Architecture offices are always finding new ways of using 3D rendering to not only grow their practices, but build better buildings. From very early on, architecture students are taught the foundational elements of design communication, and how best to present ideas to people who might not know a t-square from a french curve.
As technology propels 3D modeling and rendering towards the frontier of architectural visualization, new and interesting presentation techniques are always floating to the surface of a vast sea of precedents. Architects are using these techniques to show the world what they can do, and convince clients to spend money creating architecture, and not just a haphazard amassing of concrete and steel.
The following techniques represent the best of old and new world presentation drawings. Some things simply never go out of style, but it’s important to acknowledge what the next crop of designers are doing to get more out of pixels and polygons.
Perhaps the most well known presentation drawing is the one that demands the most attention. The hero shot is the image of the design that draws you in. It should represent most important conceptual aspects of the design, and give viewers an inherent sense of place, perspective, and scale.
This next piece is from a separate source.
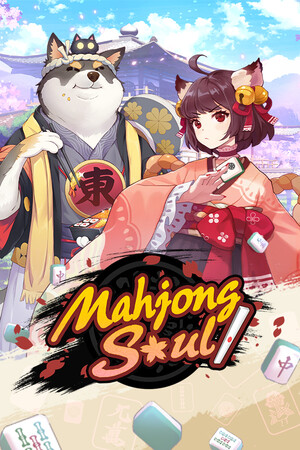 Mahjong Soul cover art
The hero shot is vibrant, colorful, dramatic, and should be the only thing anyone needs to see to understand why your design matters.
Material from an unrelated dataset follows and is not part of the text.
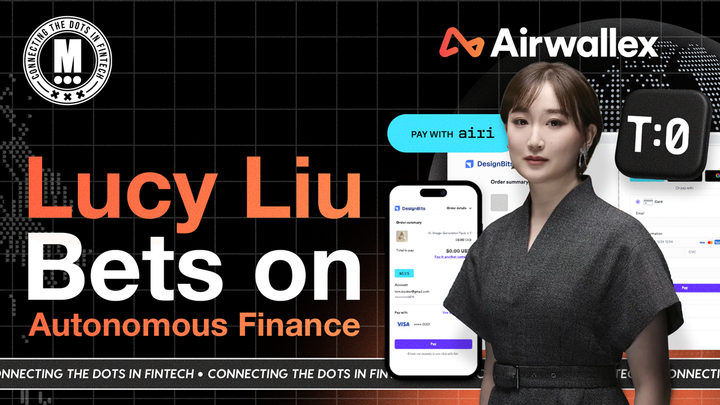 Airwallex Is Moving Beyond Payments — Into Autonomous Finance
This is the drawing designed to tell a story about the tectonic qualities of the architecture, as well as the interconnected quality of program and space. A well executed section perspective can give detailed information about building construction and experiential information about how the building will be occupied and used. Be careful, though, because if there’s too much story being told, the message can get lost in a mess of poche’d walls and tree roots.
A collection of strategic diagrams can tell more about the process of thinking behind a design better than anything on this list. They should be easy to understand, sequential, and very specific about the morsel of information they are trying to convey. A diagram can represent massing, lighting, circulation, program, zoning data, or just about anything that’s important to why architecture manifests as it does. Diagrams work great as complimentary drawings to experiential renderings.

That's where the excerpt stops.